Olivier Assayas revient à ses premières amours, chroniques d’une adolescence rebelle (Désordre, Paris s’éveille, L’eau froide) en bute contre l’âge adulte et l’ordre établi, et qu’il avait délaissé longtemps pour le film en costumes (Les destinées sentimentales), le thriller sophistiqué (Demonlover, Boarding gate) ou le biopic inspiré (Carlos). Problème : Assayas a visiblement perdu la main et/ou pris un sacré coup de vieux, parce que filmer l’exaltation de la jeunesse d’une façon aussi obsolète, c’est carrément brillant. Après mai, c’est après mai 68, son sillage, ses vestiges fumants desquels Assayas observe et questionne les consciences politiques encore bouillonnantes de jeunes étudiants en recherche de soi-même, mais s’épuisant au fil des mois et d’événements plus personnels.

On veut penser d’abord aux autres ("Tous nos plaisirs ne sont que vanité" a écrit Pascal, aphorisme entendu et placé en ouverture du film, tel un exergue en lettres d’or), défendre les usages d’une justice sociale égalitaire, puis finalement on finit par penser à soi, à ses études, à ses amours, puis ensuite on protège ses propres rêves. L’engagement démocratique est-il soluble dans l’individualisme ? Pas vraiment, semble nous dire Assayas, nostalgique d’une jeunesse revendicatrice qui se prenait des coups de matraques dans la gueule quand celle d’aujourd’hui passe son temps sur Facebook, Wawa-Mania ou chez H&M, s’indignant tout juste d’un antique CPE et d’une société prête à ne plus rien lui offrir, hormis des iPhones ou des cartes Imagine R. On a les idéaux que l’on mérite…

À grands renforts de métaphore lyrique lourdingue (le feu, très présent, comme embrasant le monde et les espérances, mais réduisant en cendres les illusions et les aspirations de chacun) et réglant ses pas sur les pas d’un personnage central (Gilles) qui, à lui tout seul, cumule trois tonnes de clichés (archétype de l’étudiant romanesque et romantique aux Beaux-arts, peignant de la merde dans son gigantesque atelier de gosse de riches à la cool avec la clope au bec et un morceau de Syd Barrett en fond sonore, les mèches longues et des bagues aux doigts, le regard mélancolique et lisant de la poésie ou des bouquins sur Mao… Stop, n’en jetez plus !), Assayas radote et verse sa petite larme sur la dimension politique de l’héritage soixante-huitard et celle, amoureuse aussi, d’un jeune candide aux prises avec les aléas de son temps.

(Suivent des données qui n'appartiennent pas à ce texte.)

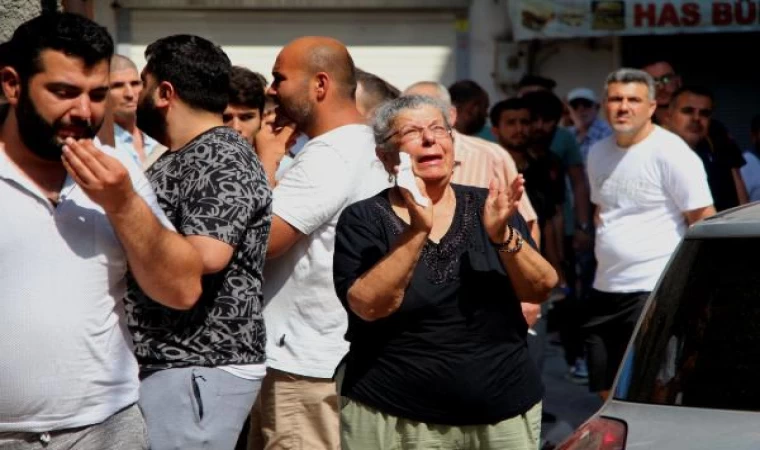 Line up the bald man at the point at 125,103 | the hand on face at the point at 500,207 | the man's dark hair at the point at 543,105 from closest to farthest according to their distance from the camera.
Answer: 1. the hand on face at the point at 500,207
2. the bald man at the point at 125,103
3. the man's dark hair at the point at 543,105

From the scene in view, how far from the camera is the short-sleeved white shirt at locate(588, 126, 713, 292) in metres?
7.08

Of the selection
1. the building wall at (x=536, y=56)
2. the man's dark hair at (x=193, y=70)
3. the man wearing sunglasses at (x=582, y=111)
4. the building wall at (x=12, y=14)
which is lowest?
the man wearing sunglasses at (x=582, y=111)

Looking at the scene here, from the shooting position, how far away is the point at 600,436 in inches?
140

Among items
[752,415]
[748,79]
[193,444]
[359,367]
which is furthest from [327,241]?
[748,79]

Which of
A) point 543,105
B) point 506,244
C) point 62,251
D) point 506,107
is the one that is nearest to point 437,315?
point 506,244

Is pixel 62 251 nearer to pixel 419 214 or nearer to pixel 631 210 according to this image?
pixel 419 214

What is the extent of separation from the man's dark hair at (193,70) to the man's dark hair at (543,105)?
5.25 metres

Clément Métayer tire la (même) tronche pendant deux heures (il doit sourire, allez, trois ou quatre fois…) et annihile toute la force de son rôle censé être, pourtant, l’emblème généreux du film et le double fictionnel d’Assayas, ce même Gilles qui bataillait déjà dans L’eau froide. La plupart des répliques sonnent creux ou sont involontairement drôles (style "Quand le réel vient frapper à ma porte, j’oublie de lui ouvrir" ; beh connard, t’as qu’à acheter une sonnette…), et il y a quelque chose de foncièrement anachronique, caricatural et sentencieux, à entendre aujourd’hui des trucs du genre "Il faut porter le socialisme révolutionnaire au-delà des revendications petites-bourgeoises et du modèle trotskiste" ou "Les acquis de la révolution culturelle font peur aux impérialistes américains et soviétiques".

Pour ne rien arranger, les dialogues sont sans cesse marmonnés par de jeunes acteurs amorphes qui récitent leur texte comme s’ils psalmodiaient une rubrique nécrologique. Et puis c’est platement mis en scène (les plans à la grue et les fondus au noir font étrangement ringards), tout fait daté, tout est mou et le fond de l’air est à peine rougeoyant. Dans sa vision intime et respectueuse d’un post-68 revisité, remémoré tout à coup, entre peace and love à la campagne et dolce vita en Italie, entre pavés et fumigènes, tracts et graffitis gauchistes, Assayas veut dire la liberté de créer, de penser et d’aimer, et l’utopie de la révolte rattrapée par les cahots de la réalité (maladie, avortement, mort, routine du couple…). Mais il en oublie la fougue, il en oublie l’ardeur, autorisant un côté souvent artificiel qui malmène ses intentions. Si Après mai résonne, au-delà des échos et des mélodies des années 70, comme une espèce d’œuvre-somme pour Assayas, il le fait davantage, pour le spectateur, comme un film qui a raté ses belles promesses.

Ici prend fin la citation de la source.